The defeat was only the 9th for Oklahoma Coach Bud Wilkinson since he became head coach at Oklahoma in 1947 and virtually ended any chance for the Sooners getting a third straight national championship.

Although the partisan, sellout crowd of 62,000 came out for a Roman holiday, they were stunned into silence as the Sooners were unable to pull their usual last-quarter winning touchdowns- a Wilkinson team trademark. As the game ended, when Oklahoma’s desperation passing drive was cutoff by an intercepted aerial, the crowd rose as one and suddenly gave the Notre Dame team a rousing cheer.

It was a far cry from last year when the Sooners ran over Notre Dame 40-0. The victory gave the Irish a 3-1 edge in the five-year-old series dating back to 1952.

The smashing, rocking Notre Dame line didn’t permit the Sooners to get started either on the ground or in the air. The Sooners were able to make only 98 yards on the ground and, in the air, just 47. Notre Dame, paced by its brilliant, 210-pound fullback Nick Pietrosante, rolled up 169. In the air, the Irish gained 79 yards, hitting 9 of 20 passes, with Bob Williams doing most of the passing.

Notre Dame’s lone touchdown drive, biting off short but consistent yardage against the Sooners’ alternate team, carried from the 20 after an Oklahoma punt went into the end zone.

Time after time, Pietrosante picked up the necessary yard when he needed it as the Irish smashed through the Oklahoma line. Notre Dame moved to the 8 and the Sooner first team came in to try to make the third Sooner goal line stand of the day. Pietrosante smashed four yards through center and Dick Lynch was stopped for no gain. On the third down, Williams went a yard through center

Then Lynch, who had failed to score from the one-foot line in the second period, crossed up the Sooners and rolled around his right end to score standing up. Monty Stickles converted to give Notre Dame the upset and end collegiate football’s longest winning streak.

The closest Oklahoma could get to Notre Dame’s goal was in the first quarter when the Sooners’ alternate team moved to the 3 before being held on downs. In the third period, brilliant punting by first string halfback Clendon Thomas and alternate quarterback David Baker kept Notre Dame back on its own goal line but the Sooners couldn’t capitalize.

Thomas set punts down on the Notre Dame 15 and 4 and Baker put them down on the 3 and 7 and waited for the breaks that have come the Sooners’ way in the past to help them keep up their streak through 47 games. This time there were no breaks as Notre Dame shook off last week’s jitters that saw the Irish fumble away the ball five times to let Michigan State have an easy 34-6 victory.

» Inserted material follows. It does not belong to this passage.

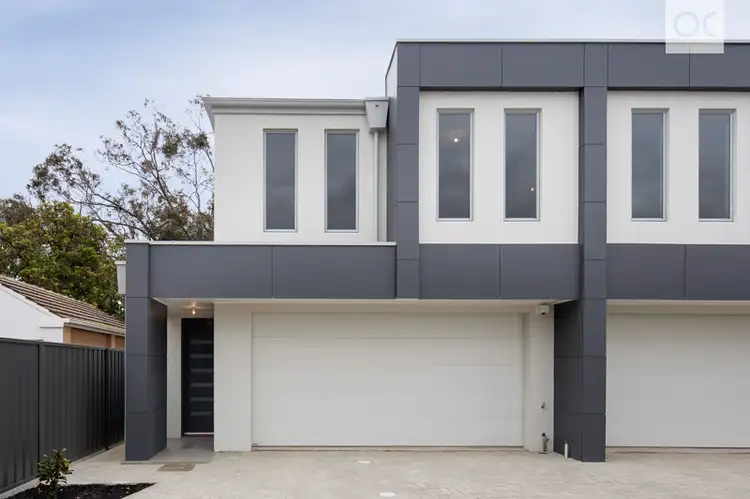 2/346 Regency Road, Prospect SA 5082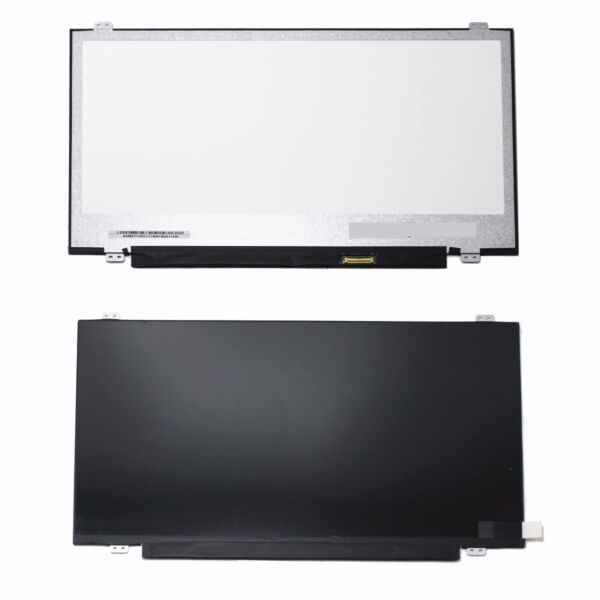 LPScreen: Buy Premium NEW, Refurbished and Used Laptop LCD Screen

Pietrosante scored almost a third of Notre Dame’s rushing yardage as he made 56 yards on 17 carries. Lynch was just two yards behind with 54 in 17 carries while the best any Oklahoma player could muster was 36 yards in 10 tries by first string halfback Clendon Thomas.

Williams completed 8 of 19 for 70 yards. In Oklahoma’s last minute desperation drive, third string quarterback Bennett Watts made 2 of 3 for 31. Notre Dame was the last team to beat Oklahoma, at the start of the 1953 season on the same field that it smothered the Sooners yesterday. Then coach Frank Leahy’s Irish beat Oklahoma 28-21. The next game, Oklahoma and Pittsburgh tied 7-7. Then, the Sooners set sail through the 47 games until Terry Brennan’s Irish stopped the string yesterday.

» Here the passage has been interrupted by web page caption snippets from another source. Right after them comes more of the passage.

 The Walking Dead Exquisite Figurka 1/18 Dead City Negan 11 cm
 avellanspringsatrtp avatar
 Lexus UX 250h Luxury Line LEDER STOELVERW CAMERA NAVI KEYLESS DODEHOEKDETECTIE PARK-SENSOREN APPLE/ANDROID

Wilkinson, the nation’s winningest, active coach, had amassed 101 victories in his 10 years at Oklahoma. There were 3 ties. Yesterday was his 8th loss.

Oklahoma started out as if it would stretch its string to 48 at the expense of the Irish. It marched the first time it got its hands on the ball from the Sooner 42 down to the Irish 13 but the big Notre Dame line stiffened on the 13.

Oklahoma continued to play in Notre Dame territory the rest of the first quarter and had another chance when a Notre Dame fumble with 9 minutes gone was recovered by right guard Dick Corbitt on the Notre Dame 34. However, the Sooners were stopped cold and finally Baker had to punt on fourth down.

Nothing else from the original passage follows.